While Nigeria has continued to grapple with challenges in the downstream sector of its oil and gas industry after several decades of oil production, its West African counterpart, Ghana, is gearing up to become a petroleum hub.

Ghana began crude oil production in 2010, more than 50 years after Nigeria started commercial production of the commodity.

“The vision of the government of Ghana for the downstream petroleum industry is to ensure that the industry becomes a petroleum hub in the sub-region,” the Deputy Minister of Energy, Ghana, Dr. Mohammed Adam, said in Lagos at the 11th Oil Trading and Logistics Expo.

According to him, the government of Ghana is currently developing a downstream petroleum infrastructure master plan aimed at enhancing the pace of infrastructure sourcing with a regional context in mind.

“Our unique geographical position, democratic stability and security require that we provide leadership in building an integrated infrastructure to serve the sub-regional petroleum industry,” he said.
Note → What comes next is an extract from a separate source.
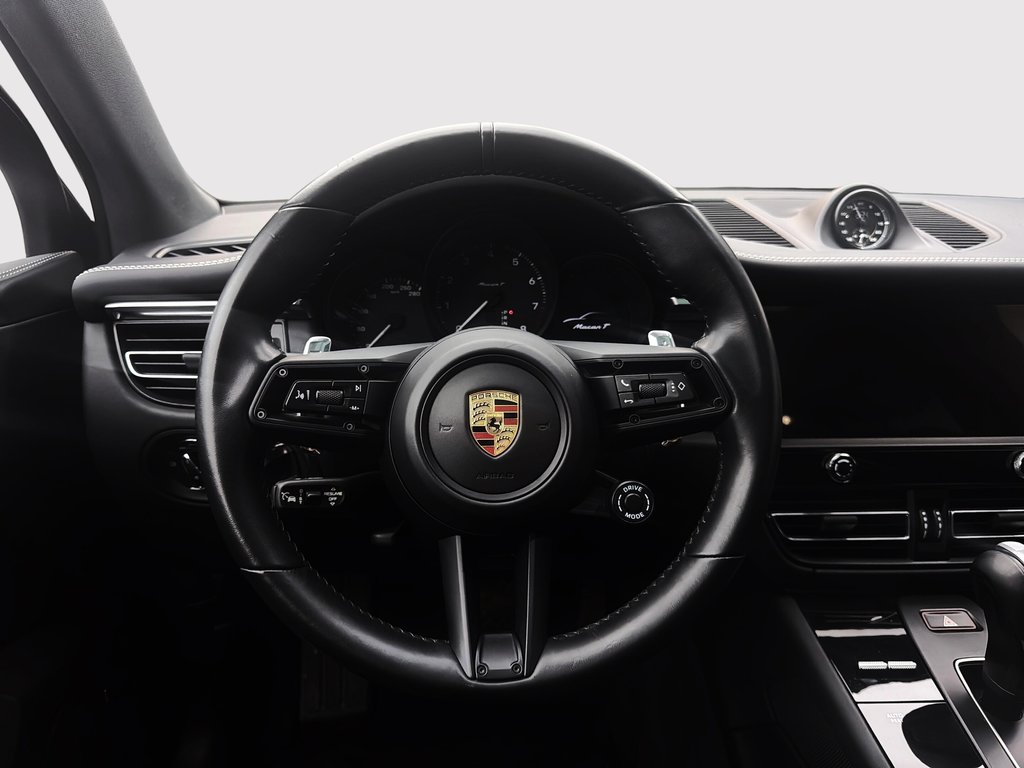 2024 Porsche Macan T AWD in Laval, Quebec - 16 - w1024h768px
Adam noted that the acute petroleum infrastructure deficit in Africa had led to overdependence on the refineries of other continents.

He said “Our petroleum industry infrastructure such as ports, jetties and tank farms are not only inadequate but are in deplorable state. This has increased the cost of importing products and helped build an offshore black market, which is not regulated and from which our governments do not earn any tax income.

“It is, therefore, quite refreshing to note that a major development in Nigeria relating to the proposed $12bn investment in a 650,000 barrel per day refinery has caught the attention of the world. This massive private sector initiative has sent hope to other African countries on the viability of investing in a huge refinery.”

The deputy minister said the country had fully deregulated the industry with the exception of residual fuel oil and premix fuel, still being regulated by the government.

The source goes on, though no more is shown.